NTTデータ(東京都江東区)は10月31日、AIで自動的に空調機器を最適化する「HUCASTTMAI空調最適化サービス」を活用して、建物全体のエネルギー最適化を目指す取り組みを開始すると発表した。東京都の「GX関連産業創出へ向けた早期社会実装化支援事業」に8月に採択されて実施するもの。都内事業所ビルの熱源・空調の消費エネルギーの削減を目指す。
大規模な投資不要、省エネと快適性を実現
「HUCAST AI空調最適化サービス」では、室温に影響を与える情報をインプットとして、AIに学習させることで、将来の室温予測に応じた制御を実現する。その特徴として、大規模な投資不要で、AIを活用してビルの空調を最適運転することで、快適性を担保しながら、建物のエネルギー消費量を削減し、投資対効果が見込める省エネ対策が提供できることをあげている。
具体的には、室温の変化を未然に防ぐフィードフォワード型の空調制御(予測制御)により、快適性を保ちつつ空調エネルギーを最大50%削減する。また、応用性の高いAIモデル、コンパクトな人流センサー、クラウド型のサービス設計により、大規模な機器導入が不要のため、既設のビルでも3か月程度の準備期間で導入できる。
複数の建物にサービスを導入、効果を確認
今回の取り組みでは、今後複数の建物に「HUCAST AI空調最適化サービス」を導入して、年間での空調エネルギーの削減効果を確認し実績を作ることで、社会実装化を加速させる。
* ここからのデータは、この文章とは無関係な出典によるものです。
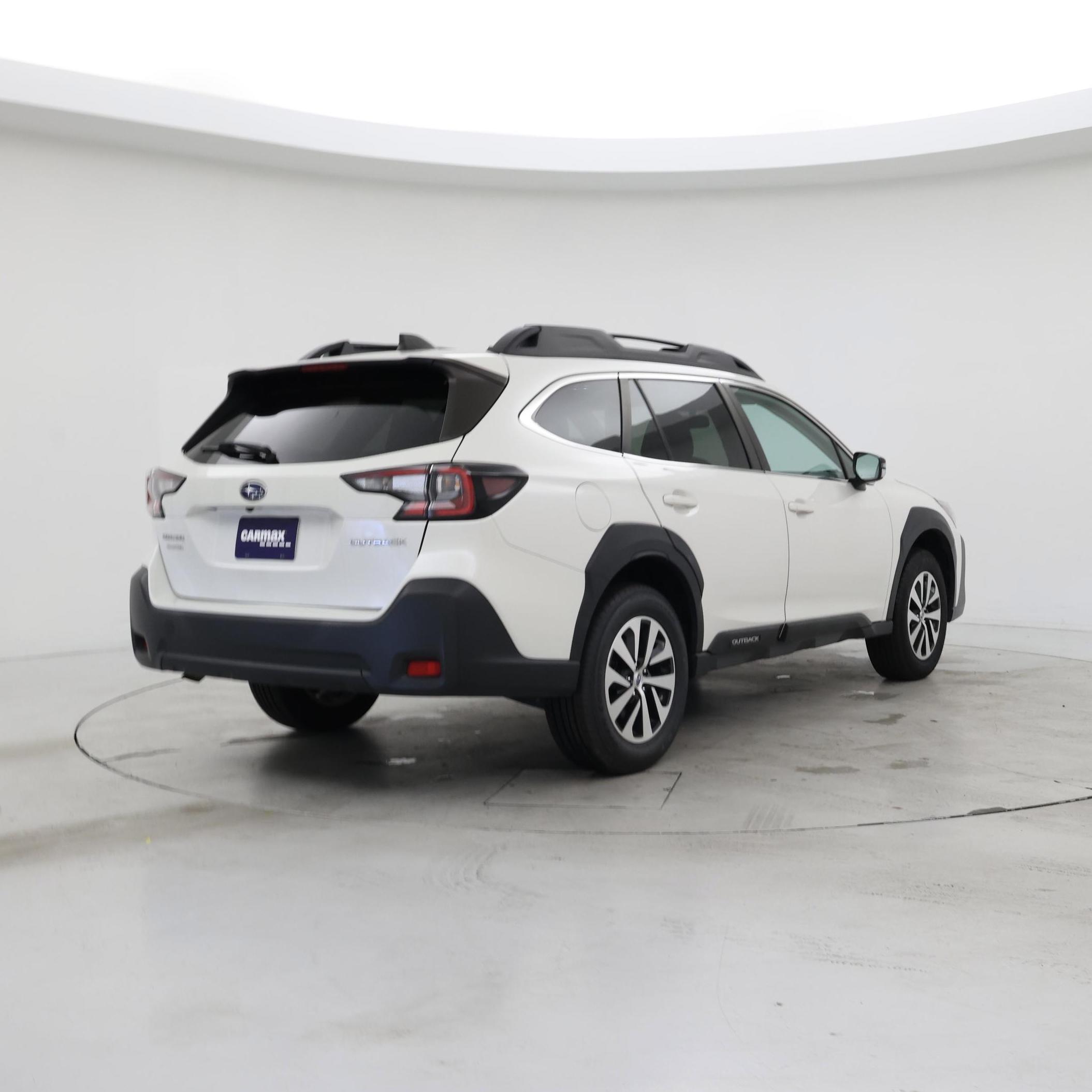 Thumbnail: 2023 Subaru Outback - 8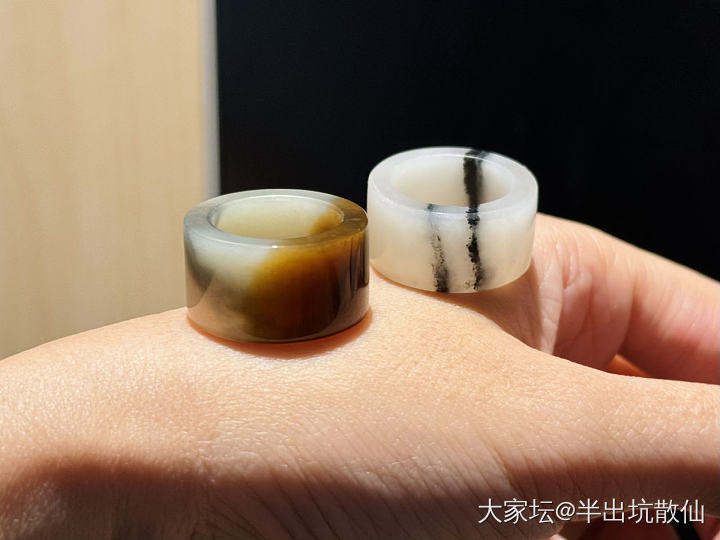 楼兰三色戒圈，帮忙看看留那只_戒指和田玉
また、空調機器だけではなく、熱源機器まで最適化の領域を広げることで、建物全体のエネルギー最適化を実現する。
さらに、NTTデータは、AIモデルの汎用化を行うことで、将来的に中小規模事業者へ導入を拡大することで、省エネ化の課題を抱えている事業者が広く活用できるサービスとすることを目指す。
東京都は、2050年のCO2排出実質ゼロに向けた「ゼロエミッション東京戦略」を公表し、その実現に向けた取り組みを進めている。NTTデータは、東京都のCO2排出量のうち、大きな比率を占めている事業所ビルにおいて、熱源・空調を最適化することで、温室効果ガス排出量の削減に貢献する。
実フィールドで空調エネの最大50%削減を確認
「HUCAST AI空調最適化サービス」について、JR新宿ミライナタワーをはじめ、複数のオフィスビルや商業施設、複合ビルにおいて、一定期間の検証を行った結果では、PMV(人の熱的快適性を数値化した指標)を快適な範囲(PMVの指標で±1の範囲)を保ちつつ、空調機が用いる消費エネルギー量(冷水熱量)を最大約50%削減できることが確認されている。